Отец собирает новую библиотеку. Сам он временно с нами не живет — учится в Высшей партийной школе, обитает где-то на Миуссах. К нам приезжает на субботу-воскресенье. Дома ему жить (и работать — в «Комсомолке», и учиться по ночам) сейчас невозможно: родился брат, и пространство комнаты подчинено, естественно, ему.
Дома отец развязывает крепкую, крученую бечеву, разворачивает хрустящую крафтовую бумагу. Я нюхаю книги, не могу оторвать нос от запаха типографской краски и переплетного клея.
Есть еще один, столь же упоительный запах: запах метро. Метро пахнет так, как новые блестящие галоши с розовой мясной изнанкой.
Очередные тома собраний сочинений уходят на полки. Там же примостились два фарфоровых «бисквитных» бюстика: Бетховен и Чайковский.
Пианино «Шредер». Обои — серые, в крупных серебристых букетах. Когда у меня высокая температура, цветы расцветают еще больше.
Родители ограничены в средствах. Отец — большой модник, но у него всего одна белая сорочка: вечером мама ее стирает и сушит над газом. И вот она загорелась; у мамы истерика.
Дед приезжает с подарками. Шумит: «Вы что, совсем обнищали, живете без конфет?»
Дед — директор магазина «Рыба» на Арбате.
В первом классе 282-й школы в 1952 году учатся одни девочки.

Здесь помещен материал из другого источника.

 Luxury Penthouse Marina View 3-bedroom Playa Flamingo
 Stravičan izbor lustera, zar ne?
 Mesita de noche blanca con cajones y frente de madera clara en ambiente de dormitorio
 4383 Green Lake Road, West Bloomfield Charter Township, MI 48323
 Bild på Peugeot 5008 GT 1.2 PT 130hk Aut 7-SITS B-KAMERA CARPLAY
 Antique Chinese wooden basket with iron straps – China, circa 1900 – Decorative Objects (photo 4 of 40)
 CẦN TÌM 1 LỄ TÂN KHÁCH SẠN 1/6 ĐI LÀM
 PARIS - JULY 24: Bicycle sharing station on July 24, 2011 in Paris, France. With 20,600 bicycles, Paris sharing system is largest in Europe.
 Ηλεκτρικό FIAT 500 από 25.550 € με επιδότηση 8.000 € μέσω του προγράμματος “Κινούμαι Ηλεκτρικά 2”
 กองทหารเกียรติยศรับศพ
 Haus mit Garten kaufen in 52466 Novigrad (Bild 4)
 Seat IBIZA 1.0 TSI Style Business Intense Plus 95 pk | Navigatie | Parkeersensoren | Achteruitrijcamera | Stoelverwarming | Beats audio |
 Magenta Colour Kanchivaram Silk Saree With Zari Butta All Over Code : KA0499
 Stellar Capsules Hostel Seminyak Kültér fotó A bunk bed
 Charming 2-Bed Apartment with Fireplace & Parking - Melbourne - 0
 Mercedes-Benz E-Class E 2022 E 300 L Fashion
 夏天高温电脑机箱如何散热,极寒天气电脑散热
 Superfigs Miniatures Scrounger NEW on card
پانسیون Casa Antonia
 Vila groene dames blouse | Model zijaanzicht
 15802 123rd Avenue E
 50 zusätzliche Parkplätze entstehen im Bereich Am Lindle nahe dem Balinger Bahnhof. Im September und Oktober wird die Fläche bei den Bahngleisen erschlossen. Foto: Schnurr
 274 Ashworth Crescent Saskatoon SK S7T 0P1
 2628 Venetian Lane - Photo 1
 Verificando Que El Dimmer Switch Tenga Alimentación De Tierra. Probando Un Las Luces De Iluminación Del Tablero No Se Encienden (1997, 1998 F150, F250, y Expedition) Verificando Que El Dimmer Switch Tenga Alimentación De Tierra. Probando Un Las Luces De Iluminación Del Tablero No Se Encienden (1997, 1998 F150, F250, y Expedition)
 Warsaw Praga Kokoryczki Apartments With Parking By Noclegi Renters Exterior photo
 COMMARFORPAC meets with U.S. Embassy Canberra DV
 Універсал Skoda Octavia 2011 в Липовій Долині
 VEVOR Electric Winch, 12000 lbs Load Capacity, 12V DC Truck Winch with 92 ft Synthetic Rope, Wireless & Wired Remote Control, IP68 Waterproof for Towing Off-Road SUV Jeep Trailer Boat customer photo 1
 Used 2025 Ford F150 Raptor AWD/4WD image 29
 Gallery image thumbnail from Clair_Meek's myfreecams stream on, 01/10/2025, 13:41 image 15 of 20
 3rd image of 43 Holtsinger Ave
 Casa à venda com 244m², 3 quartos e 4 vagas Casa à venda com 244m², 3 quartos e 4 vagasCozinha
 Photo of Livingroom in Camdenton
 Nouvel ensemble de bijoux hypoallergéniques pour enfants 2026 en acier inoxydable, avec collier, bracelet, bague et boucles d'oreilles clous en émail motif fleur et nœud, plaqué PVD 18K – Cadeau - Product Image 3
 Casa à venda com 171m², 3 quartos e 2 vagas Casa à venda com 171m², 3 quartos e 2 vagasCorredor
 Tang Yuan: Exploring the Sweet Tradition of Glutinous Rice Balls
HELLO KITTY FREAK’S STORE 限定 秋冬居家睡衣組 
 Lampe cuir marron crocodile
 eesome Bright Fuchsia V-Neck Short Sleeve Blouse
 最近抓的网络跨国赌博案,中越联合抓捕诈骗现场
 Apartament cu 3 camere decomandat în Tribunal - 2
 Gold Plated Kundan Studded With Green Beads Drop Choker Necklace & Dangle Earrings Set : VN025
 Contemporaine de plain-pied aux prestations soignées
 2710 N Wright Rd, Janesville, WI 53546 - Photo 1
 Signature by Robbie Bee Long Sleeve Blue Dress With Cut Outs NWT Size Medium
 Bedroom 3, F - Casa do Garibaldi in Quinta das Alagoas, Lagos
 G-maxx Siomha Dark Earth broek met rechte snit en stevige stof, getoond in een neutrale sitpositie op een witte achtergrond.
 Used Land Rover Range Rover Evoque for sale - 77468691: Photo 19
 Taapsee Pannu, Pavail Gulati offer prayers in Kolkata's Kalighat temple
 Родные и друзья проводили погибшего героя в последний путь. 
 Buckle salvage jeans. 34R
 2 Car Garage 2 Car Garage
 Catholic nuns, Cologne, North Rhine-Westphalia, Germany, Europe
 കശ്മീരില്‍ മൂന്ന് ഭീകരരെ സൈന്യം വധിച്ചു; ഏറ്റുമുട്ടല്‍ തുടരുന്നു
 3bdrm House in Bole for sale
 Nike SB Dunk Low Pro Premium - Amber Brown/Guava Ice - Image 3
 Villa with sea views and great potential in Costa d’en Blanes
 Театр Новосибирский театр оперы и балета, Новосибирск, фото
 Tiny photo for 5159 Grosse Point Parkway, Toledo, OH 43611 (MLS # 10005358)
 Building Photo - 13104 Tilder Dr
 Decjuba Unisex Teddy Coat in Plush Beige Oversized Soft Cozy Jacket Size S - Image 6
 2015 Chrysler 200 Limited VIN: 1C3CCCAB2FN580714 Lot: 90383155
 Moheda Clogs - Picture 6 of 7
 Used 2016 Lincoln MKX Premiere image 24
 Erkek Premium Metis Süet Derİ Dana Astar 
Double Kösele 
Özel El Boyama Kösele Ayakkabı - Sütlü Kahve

Со второго класса нас соединяют с мальчиками, и меня переводят в соседнюю школу — краснокирпичную, бывшую мужскую. Оказалось, что в ней же когда-то учился отец.
Первого сентября ловлю на себе взгляд мальчика. Черные глаза, белая кожа.
Второго сентября он провожает меня из школы домой.
А еще через несколько дней приходит в гости — с трехлетним братиком.
Мальчика зовут Миша. Фамилия Циер.
Лет через тридцать пять после описываемых событий он позвонил. Сказал, что надо бы повидаться.
Физик, доктор наук.
С бородой. Но лысый.
Больше не звонил.
А тогда, второго сентября 1953 года, он делает предложение: первое в моей жизни. Предложение утверждением, что я стану его женой.
В ответ: хочешь, чтобы я позвала милиционера?
Еврейский дом (в смысле — комната в коммунальной квартире) отличался от нашего тем, что изначальная скатерть на круглом стопе, раздвинутом на день рождения Миши, бархатная.
Евреи живут и с нами в квартире: шумная, полная, веселая, в веснушках девочка Зина. С бантом. Во дворе на Первой Мещанской меня дразнят еврейкой: я картавлю, то есть грассирую, как мне объяснят позже. И глазки у меня черненькие. «Девочка, что ж у тебя глазки такие непромытые?» — сладким голосом вопрос чужой тетеньки в трамвае, когда я еду со своей тетей Зоей в кино «Перекоп» смотреть «Тарзана».
Тот же вопрос получила Олеся, будущая жена Гриши Брускина (см. его замечательную книгу).
Что такое — быть евреем?
Наша коммуналка расположена на самом высоком этаже дома на Садовой-Спасской. Дом облицован плиткой, навевающей на меня исключительно банные ассоциации.
Мы с Катенькой, крестной (а иногда, изредка — с вечно занятой мамой) ходим в Ржевские бани. Кажется, по средам; четверг — татарский день.